Para além disso, a luta pelos direitos dos animais é muito importante e justíssima, mas será realmente possível superar o especismo desconsiderando a desigualdade social humana? Um sistema capitalista absolutamente exploratório, que não tem interesse em formas de locomoção limpas, em reciclagem, em diminuir a desigualdade de renda, entre muitas outras coisas, se aproveita desse discurso justo para marginalizar ainda mais as pessoas pobres.
Não vemos o poder econômico se levantando contra grandes instituições que também se utilizam da força animal ou contra grandes corporações que lucram bilhões com a morte de animais – é sintomático perceber que essas lutas ganham força quando vão retirar os direitos das pessoas mais pobres, das pessoas negras, das pessoas de religião de matrizes africanas, etc.
No caso do PL 142/2017, temos visto pessoas que possuem modos de vida absolutamente próprios, que ocupam a cidade de determinada maneira, que compartilham tradições e conhecimentos, que têm afeto pelos animais que são seus companheiros de trabalho e de vida terem suas vidas reviradas sem a possibilidade de participarem da discussão.
A proibição do uso da tração animal em carroças causa o desmonte de atividades essenciais para o meio ambiente, aumenta a poluição pela substituição por veículos automotores, exclui pessoas da atividade – já que será preciso ter habilitação, realizar pagamento de novos impostos –, leva a perda de saberes tradicionais, a formas específicas de sociabilidade, além de ser um golpe nas relações entre os carroceiros e seus animais.
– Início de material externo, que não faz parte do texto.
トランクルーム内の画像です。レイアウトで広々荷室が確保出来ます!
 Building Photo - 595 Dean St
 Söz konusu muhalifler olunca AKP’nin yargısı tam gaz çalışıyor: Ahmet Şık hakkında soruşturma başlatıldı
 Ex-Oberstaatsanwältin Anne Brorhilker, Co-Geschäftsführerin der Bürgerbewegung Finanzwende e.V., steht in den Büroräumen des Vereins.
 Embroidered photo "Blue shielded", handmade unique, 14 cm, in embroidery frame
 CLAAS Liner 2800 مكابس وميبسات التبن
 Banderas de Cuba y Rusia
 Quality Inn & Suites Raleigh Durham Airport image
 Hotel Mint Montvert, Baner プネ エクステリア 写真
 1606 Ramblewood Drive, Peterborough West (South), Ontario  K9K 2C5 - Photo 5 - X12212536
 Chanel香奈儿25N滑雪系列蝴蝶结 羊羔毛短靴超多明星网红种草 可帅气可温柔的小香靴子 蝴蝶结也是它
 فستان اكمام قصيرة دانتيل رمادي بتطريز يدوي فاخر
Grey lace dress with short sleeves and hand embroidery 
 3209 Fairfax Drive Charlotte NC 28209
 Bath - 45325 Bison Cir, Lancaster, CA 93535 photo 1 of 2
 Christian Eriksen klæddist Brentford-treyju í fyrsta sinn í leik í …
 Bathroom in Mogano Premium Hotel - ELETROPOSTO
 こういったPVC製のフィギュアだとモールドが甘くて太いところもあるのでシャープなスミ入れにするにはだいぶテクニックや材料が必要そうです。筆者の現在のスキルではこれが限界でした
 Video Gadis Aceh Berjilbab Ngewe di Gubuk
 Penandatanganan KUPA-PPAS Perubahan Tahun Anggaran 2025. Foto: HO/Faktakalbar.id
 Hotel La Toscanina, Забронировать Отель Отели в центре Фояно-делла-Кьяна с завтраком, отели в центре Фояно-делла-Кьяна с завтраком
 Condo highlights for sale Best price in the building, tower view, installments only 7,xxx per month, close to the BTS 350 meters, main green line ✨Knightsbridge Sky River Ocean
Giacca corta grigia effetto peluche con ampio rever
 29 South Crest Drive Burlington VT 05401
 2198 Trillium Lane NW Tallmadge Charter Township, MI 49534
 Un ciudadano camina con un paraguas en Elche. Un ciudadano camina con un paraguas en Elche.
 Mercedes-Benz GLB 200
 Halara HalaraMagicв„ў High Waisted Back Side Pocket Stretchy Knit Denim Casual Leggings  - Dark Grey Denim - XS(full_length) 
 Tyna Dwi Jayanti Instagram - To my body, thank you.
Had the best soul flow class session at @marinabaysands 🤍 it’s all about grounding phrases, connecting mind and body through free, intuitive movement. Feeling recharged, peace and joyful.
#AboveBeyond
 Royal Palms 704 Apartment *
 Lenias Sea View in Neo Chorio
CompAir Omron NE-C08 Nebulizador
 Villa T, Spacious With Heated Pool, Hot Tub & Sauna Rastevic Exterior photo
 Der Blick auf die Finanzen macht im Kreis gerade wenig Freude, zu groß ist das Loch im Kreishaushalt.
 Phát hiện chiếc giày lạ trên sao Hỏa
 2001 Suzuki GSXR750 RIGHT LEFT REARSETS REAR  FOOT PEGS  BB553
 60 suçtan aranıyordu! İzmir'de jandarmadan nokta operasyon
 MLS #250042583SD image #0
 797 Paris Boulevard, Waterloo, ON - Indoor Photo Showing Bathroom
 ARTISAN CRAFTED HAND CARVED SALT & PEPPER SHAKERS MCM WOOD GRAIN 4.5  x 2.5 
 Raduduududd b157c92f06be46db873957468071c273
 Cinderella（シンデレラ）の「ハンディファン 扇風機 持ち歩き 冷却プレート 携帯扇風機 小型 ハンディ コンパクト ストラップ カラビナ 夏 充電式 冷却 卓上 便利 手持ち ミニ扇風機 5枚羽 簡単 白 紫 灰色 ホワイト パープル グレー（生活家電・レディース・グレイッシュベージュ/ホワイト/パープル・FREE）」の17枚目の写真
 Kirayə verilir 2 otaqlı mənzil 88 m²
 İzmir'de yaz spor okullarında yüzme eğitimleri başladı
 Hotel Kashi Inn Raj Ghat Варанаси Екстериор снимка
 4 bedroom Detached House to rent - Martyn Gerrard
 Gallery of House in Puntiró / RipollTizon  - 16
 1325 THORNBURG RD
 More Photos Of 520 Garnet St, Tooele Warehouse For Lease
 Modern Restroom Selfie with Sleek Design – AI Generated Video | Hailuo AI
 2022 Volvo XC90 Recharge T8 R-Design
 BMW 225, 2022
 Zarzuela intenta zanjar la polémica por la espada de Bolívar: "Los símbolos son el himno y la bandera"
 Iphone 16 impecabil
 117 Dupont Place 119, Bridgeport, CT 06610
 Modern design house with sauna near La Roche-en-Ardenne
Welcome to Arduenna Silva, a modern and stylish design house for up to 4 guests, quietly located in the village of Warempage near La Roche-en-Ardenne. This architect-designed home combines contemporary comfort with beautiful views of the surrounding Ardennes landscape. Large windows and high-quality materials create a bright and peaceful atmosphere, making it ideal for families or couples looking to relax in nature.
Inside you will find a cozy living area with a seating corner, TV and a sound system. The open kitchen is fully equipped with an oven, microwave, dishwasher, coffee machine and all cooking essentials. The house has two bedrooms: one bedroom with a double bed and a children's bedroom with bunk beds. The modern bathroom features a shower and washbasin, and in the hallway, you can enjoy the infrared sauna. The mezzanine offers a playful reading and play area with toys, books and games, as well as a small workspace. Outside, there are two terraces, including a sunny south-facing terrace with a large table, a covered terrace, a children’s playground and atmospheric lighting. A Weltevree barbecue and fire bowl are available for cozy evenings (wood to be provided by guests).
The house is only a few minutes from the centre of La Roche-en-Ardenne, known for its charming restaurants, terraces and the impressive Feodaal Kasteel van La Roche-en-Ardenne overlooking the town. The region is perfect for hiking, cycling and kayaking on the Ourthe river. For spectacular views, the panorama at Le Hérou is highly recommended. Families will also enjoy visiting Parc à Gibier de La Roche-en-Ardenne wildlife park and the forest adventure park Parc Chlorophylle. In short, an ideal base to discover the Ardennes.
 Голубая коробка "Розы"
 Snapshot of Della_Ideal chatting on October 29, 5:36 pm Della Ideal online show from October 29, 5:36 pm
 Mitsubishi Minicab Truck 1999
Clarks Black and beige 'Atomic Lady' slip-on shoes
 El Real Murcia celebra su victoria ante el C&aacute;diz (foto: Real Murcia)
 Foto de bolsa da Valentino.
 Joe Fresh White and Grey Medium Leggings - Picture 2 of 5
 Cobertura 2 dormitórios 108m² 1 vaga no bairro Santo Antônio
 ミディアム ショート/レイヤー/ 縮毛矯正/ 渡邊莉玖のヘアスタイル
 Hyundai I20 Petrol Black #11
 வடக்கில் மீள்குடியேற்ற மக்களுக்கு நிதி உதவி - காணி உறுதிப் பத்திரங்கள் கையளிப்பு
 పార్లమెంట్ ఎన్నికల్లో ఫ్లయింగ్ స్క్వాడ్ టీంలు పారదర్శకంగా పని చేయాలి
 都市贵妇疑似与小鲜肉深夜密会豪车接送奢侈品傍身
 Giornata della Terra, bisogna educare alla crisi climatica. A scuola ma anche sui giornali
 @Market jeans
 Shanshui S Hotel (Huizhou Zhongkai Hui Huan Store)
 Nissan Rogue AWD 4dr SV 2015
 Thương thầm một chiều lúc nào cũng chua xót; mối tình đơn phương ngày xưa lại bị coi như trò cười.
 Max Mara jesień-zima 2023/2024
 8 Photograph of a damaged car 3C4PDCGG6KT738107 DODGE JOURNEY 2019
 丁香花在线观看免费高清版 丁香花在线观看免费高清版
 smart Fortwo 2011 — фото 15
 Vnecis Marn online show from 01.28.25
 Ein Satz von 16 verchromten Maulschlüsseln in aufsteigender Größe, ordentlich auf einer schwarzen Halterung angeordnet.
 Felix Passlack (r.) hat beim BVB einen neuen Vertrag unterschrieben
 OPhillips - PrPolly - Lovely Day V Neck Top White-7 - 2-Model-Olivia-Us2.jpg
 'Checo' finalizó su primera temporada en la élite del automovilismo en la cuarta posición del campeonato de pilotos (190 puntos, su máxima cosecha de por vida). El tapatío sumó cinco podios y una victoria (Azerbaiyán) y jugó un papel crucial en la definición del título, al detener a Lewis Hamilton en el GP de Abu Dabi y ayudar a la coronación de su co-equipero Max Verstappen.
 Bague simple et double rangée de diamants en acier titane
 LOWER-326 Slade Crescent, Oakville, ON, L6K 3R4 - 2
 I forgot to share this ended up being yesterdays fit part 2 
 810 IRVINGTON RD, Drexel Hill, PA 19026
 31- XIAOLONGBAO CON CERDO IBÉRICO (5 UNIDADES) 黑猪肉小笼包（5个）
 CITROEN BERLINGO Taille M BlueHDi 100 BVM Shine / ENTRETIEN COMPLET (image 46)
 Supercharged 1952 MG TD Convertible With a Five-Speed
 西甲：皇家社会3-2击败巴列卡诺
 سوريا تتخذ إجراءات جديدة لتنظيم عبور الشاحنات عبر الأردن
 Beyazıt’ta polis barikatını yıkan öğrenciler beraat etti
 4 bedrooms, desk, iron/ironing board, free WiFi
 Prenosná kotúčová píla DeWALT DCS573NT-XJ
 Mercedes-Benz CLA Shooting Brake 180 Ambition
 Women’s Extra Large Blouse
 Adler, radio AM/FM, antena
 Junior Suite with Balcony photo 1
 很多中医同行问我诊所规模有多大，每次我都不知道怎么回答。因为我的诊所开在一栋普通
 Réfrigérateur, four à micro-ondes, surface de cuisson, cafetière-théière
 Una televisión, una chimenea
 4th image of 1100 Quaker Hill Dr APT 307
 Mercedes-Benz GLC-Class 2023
Ao mesmo tempo, ela serve ao interesse das indústrias de veículos, das caçambas, de políticos que buscam se capitalizar em cima dessa disputa.
Não existe nada que justifique os maus-tratos aos animais. Essa também é uma luta das próprias associações dos carroceiros, que, em seus “mandamentos”*, incluem o amor pelos animais, o zelo e o trato, preocupações com a ergonomia, entre outros pontos. Uma proibição arbitrária não vai acabar com o uso de animais como tração e, infelizmente, nem com os maus-tratos. Entretanto, o poder público tem o poder para regulamentar a atividade, apoiar os carroceiros, promover ações de sensibilização, fornecer serviços veterinários e realizar fiscalização.
Nosso apoio às carroceiras e carroceiros!